The `CASCADE` automatically installs `pgvector` and `plpython3u` extensions.

### Use pgai

Now, use pgai to integrate AI from [Ollama](./docs/ollama.md) and [OpenAI](./docs/openai.md).
Learn how to [moderate](./docs/moderate.md) and [embed](./docs/delayed_embed.md)
content directly in the database using triggers and background jobs.

## Get involved

pgai is still at an early stage. Now is a great time to help shape the direction of this project;
we are currently deciding priorities. Have a look at the [list of features](https://github.com/timescale/pgai/issues) we're thinking of working on.
Feel free to comment, expand the list, or hop on the Discussions forum.

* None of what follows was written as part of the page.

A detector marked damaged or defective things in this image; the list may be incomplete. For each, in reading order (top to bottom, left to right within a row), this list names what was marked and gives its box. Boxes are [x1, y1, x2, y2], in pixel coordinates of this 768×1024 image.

To get started, take a look at [how to contribute](./CONTRIBUTING.md)
and [how to set up a dev/test environment](./DEVELOPMENT.md).

## About Timescale

Timescale is a PostgreSQL database company. To learn more visit the [timescale.com](https://www.timescale.com).

Timescale Cloud is a high-performance, developer focused, cloud platform that provides PostgreSQL services
for the most demanding AI, time-series, analytics, and event workloads. Timescale Cloud is ideal for production applications and provides high availability, streaming backups, upgrades over time, roles and permissions, and great security.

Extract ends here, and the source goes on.